EXERCISE OBJECTIVE →
Look through the material below and copy exactly the lines from the line with "Ma Đạo Giới Bất Ổn Chapter 26.5 - Trang 2" to the line with "Сандали женские Skechers", those two lines included.

EXERCISE DATA section start

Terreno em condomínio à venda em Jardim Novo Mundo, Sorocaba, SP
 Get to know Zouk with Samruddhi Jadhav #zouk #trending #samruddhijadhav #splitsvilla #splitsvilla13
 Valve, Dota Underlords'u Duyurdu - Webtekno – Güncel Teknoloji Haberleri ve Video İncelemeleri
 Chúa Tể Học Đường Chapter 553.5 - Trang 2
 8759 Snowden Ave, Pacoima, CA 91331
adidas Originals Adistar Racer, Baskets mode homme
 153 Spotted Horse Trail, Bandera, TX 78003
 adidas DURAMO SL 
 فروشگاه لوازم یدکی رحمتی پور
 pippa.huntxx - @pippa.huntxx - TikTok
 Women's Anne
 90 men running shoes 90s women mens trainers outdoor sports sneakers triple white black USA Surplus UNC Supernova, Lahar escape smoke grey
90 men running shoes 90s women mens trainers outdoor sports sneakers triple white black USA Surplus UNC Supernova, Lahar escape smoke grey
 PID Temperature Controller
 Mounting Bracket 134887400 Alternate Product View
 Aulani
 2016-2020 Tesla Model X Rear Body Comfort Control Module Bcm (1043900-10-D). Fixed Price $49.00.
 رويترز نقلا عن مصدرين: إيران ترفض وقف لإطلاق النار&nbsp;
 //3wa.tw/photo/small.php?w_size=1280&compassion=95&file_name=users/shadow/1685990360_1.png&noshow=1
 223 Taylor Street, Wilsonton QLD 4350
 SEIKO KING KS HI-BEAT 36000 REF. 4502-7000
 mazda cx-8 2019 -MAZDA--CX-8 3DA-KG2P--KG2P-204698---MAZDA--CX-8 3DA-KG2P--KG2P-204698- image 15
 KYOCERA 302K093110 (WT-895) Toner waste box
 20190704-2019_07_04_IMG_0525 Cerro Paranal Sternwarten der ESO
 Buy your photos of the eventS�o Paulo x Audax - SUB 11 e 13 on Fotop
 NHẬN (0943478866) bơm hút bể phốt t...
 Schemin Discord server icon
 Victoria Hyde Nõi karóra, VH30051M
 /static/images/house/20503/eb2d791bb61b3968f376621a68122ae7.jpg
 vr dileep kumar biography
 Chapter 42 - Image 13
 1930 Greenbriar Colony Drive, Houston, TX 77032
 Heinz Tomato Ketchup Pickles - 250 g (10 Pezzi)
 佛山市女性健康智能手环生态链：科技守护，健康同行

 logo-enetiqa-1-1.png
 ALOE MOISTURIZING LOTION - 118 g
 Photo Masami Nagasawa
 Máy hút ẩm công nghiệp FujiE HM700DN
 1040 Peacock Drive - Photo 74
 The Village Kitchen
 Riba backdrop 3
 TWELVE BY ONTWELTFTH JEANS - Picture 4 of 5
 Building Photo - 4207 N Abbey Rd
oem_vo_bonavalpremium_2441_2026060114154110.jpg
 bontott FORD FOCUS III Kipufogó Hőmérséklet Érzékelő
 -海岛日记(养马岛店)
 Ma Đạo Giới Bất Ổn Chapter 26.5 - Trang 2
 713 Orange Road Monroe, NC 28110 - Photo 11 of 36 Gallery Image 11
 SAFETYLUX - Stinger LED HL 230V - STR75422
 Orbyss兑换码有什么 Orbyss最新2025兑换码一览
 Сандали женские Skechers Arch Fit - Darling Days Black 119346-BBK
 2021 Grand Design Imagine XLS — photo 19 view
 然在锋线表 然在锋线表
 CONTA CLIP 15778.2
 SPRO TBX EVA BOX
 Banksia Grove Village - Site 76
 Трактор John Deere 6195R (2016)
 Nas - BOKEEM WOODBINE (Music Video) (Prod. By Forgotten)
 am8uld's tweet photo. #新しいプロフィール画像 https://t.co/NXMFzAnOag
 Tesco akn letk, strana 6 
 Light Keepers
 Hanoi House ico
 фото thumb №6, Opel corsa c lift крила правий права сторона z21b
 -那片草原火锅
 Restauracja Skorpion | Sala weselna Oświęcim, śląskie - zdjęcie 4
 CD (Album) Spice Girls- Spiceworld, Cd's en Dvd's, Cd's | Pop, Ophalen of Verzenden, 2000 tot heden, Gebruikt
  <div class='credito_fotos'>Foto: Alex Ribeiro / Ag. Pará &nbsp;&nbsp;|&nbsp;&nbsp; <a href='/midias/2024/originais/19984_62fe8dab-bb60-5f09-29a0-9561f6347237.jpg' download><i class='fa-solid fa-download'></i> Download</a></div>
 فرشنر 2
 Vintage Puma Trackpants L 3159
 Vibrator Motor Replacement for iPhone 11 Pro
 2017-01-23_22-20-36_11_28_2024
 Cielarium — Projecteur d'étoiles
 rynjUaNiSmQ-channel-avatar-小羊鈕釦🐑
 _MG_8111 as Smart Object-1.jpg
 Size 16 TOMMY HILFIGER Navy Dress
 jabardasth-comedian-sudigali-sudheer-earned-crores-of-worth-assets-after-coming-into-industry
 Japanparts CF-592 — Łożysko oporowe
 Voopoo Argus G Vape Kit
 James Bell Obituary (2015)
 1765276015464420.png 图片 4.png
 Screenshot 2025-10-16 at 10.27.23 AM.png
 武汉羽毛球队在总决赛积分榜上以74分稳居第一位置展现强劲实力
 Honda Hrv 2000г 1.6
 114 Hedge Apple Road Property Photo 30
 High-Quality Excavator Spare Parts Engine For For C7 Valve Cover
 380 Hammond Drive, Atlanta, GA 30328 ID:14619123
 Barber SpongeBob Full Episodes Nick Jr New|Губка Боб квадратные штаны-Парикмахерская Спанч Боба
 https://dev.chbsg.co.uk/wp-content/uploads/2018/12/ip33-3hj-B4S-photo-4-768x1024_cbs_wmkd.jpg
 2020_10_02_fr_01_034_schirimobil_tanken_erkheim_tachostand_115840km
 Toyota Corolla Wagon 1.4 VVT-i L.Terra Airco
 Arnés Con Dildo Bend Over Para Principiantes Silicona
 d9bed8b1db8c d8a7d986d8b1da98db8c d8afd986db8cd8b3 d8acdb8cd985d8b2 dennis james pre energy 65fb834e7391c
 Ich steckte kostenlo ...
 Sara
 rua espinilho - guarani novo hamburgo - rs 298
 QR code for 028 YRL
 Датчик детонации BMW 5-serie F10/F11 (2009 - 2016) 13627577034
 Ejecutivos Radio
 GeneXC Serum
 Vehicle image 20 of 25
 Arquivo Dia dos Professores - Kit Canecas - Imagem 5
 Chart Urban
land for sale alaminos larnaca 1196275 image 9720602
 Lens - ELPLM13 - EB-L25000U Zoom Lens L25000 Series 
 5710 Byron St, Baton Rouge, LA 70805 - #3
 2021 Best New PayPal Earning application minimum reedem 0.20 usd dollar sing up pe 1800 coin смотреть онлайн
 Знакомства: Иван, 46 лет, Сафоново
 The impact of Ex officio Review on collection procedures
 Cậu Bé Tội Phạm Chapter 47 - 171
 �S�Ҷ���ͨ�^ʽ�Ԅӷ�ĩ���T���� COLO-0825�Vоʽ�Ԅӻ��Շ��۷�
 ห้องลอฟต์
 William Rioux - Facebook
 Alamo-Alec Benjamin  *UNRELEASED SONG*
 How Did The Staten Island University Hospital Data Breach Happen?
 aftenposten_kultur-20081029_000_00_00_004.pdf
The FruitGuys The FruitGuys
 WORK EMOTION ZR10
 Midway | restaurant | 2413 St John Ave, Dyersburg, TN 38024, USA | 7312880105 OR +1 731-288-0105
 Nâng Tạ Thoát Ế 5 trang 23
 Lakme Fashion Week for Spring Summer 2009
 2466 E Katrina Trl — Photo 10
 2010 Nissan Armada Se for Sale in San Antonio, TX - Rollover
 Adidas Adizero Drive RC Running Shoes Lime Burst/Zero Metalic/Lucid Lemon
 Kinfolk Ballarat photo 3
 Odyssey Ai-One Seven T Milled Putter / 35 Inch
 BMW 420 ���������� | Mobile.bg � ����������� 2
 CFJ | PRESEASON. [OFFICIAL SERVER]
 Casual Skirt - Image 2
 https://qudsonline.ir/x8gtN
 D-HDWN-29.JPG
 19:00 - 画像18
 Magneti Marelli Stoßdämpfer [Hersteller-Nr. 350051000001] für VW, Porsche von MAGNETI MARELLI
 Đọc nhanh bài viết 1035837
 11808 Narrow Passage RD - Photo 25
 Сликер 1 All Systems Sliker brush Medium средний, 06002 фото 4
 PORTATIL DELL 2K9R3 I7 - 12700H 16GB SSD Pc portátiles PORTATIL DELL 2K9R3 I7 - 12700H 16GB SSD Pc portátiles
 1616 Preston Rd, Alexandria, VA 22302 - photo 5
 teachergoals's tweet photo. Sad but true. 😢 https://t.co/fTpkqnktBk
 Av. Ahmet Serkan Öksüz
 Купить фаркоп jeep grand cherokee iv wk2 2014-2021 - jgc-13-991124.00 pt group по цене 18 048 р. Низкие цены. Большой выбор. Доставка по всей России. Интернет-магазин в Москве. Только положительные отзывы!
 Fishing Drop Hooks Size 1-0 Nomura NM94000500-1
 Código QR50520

EXERCISE DATA section end

OUTPUT OF THE EXERCISE →
 Ma Đạo Giới Bất Ổn Chapter 26.5 - Trang 2
 713 Orange Road Monroe, NC 28110 - Photo 11 of 36 Gallery Image 11
 SAFETYLUX - Stinger LED HL 230V - STR75422
 Orbyss兑换码有什么 Orbyss最新2025兑换码一览
 Сандали женские Skechers Arch Fit - Darling Days Black 119346-BBK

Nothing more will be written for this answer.